A trio of paintings by Peter Paul Rubens will remain with their current owner, the Courtauld Gallery in London, the UK Parliament’s spoliation advisory panel ruled.
The works in question are St Gregory the Great with Ss Maurus and Papianus and St. Domitilla with Ss Nereus and Achilleus (1606–07); The Conversion of St. Paul (1610–12); and The Bounty of James 1 Triumphing Over Avarice, for the ceiling in the Banqueting House, Whitehall (ca. 1632).
The spoliation advisory panel, which determines the rightful ownership of contested artworks, rejected three separate claims for the Rubins works. Among those fighting for the works was Christine Koenigs, the granddaughter of German banker and collector Franz Wilhelm Koenigs.
Published on March 18, the spoliation advisory panel report outlines the provenance of the works, which once belonged to a notable collection of drawings and paintings amassed by Koenigs. In 1932, Koenigs transferred the bulk of his collection to Lisser & Rosenkranz bank in Hamburg for a loan. Three years later, he transferred 47 paintings, among them the three Rubens pieces, to the bank for another loan.

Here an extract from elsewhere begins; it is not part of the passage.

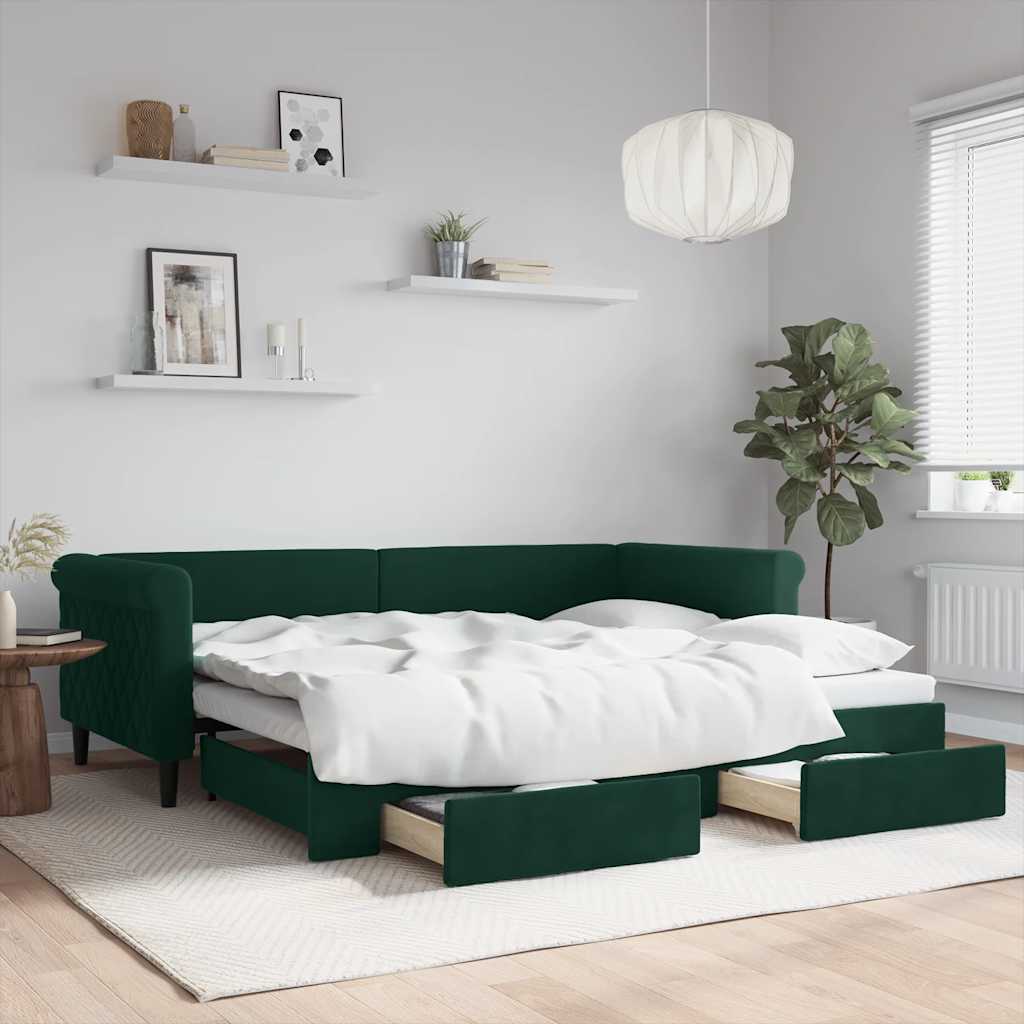 sötétzöld kihúzható bársony heverő fiókkal 90 x 200 cm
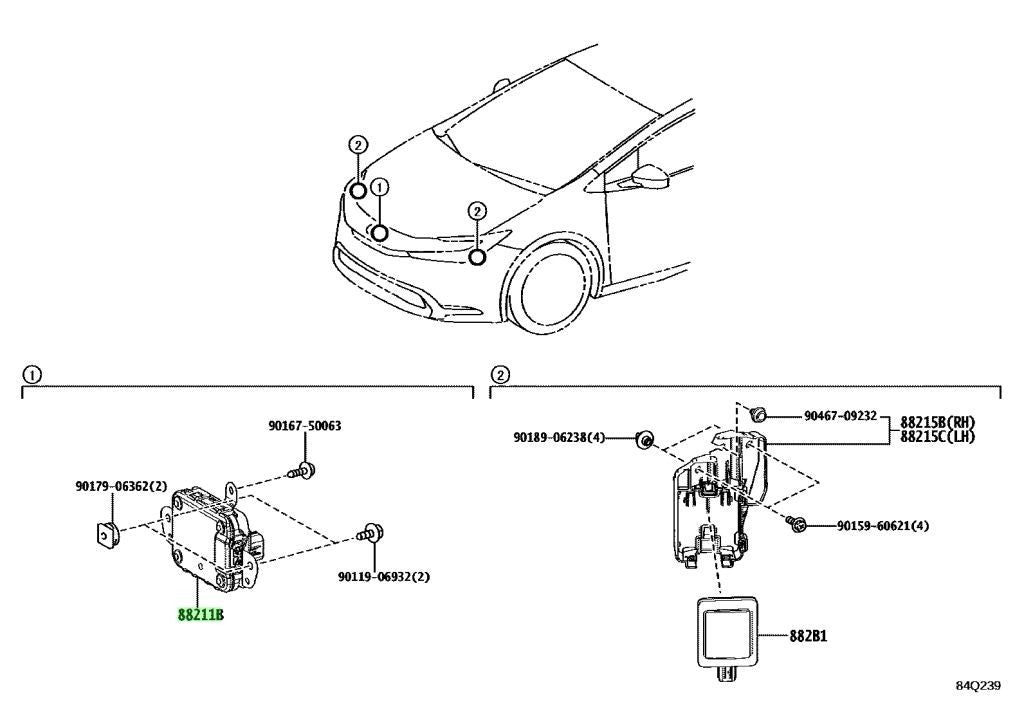 OEM Genuine TOYOTA Lexus Millimeter Wave RadarSensorAssy 88210-47110 88210471101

That same year, Koenings put on long-term loan with Rotterdam’s Museum Boymans (now the Museum Boijmans van Beuningen) his collection of drawings, as well as a few paintings. According to the report, “The collection, while security for his debt, had been loaned by Franz Koenigs to the Boijmans.”
During the rise of the Nazi regime, the bank moved to the Netherlands and, in April 1940, went into voluntary liquidation. The bank sold the Rubens canvases to Count Antoine Seilern. After the war, she brought them to England and later bequeathed them to the Courtauld Institute as the Princes Gate collection.
“Koenigs lodged a different claim on behalf of herself and seven out of thirteen of the heirs of Franz Koenigs in his capacity as holder of 2.4% of the shares in the [Lisser & Rosenkranz] bank,” the report explains.
Gal Flörsheim, the sole heir of Salomon Jakob Flörsheim who was one of the bank’s main shareholders, also filed a claim. Additionally, Flörsheim claimed in his capacity as an appointed liquidator of the bank with co-liquidator Eyal Dolev.
“The panel concluded that the claimants had neither a legal nor a moral claim to the three paintings and that the works should continue to be enjoyed in a public museum in line with the wishes of Franz Koenigs,” the report states.
“The panel does not consider that the grandchildren of Koenigs, who himself pledged the paintings initially as security, and who intended them ultimately to remain at the museum, could ever have had a superior moral claim to the paintings than that of the Courtauld, who hold them for the public benefit and received them from a man who paid a fair value for them,” the report continues.
This is not the first time that Christine Koenigs has laid claim to the works. In 2007, the UK spoliation advisory panel rejected her claim on the basis that Franz Koenigs had given the paintings as collateral for a loan.
At that time, the Courtauld asserted that Koenings lost the right to the works when the bank liquidated ahead of the Nazi invasion of the Netherlands in May 1940. They said that offloading the works was an economic decision.
This is the fifth time the restitution panels in the UK and the Netherlands have considered claims over the three Rubens works.
The Dutch government’s advisory committee on the assessment of restitution applications for items of cultural value and the Second World War (or the DRC committee) rejected Christine Koenigs’s claim in 2003.
The DRC rejected another claim made by Christine Koenigs in 2022.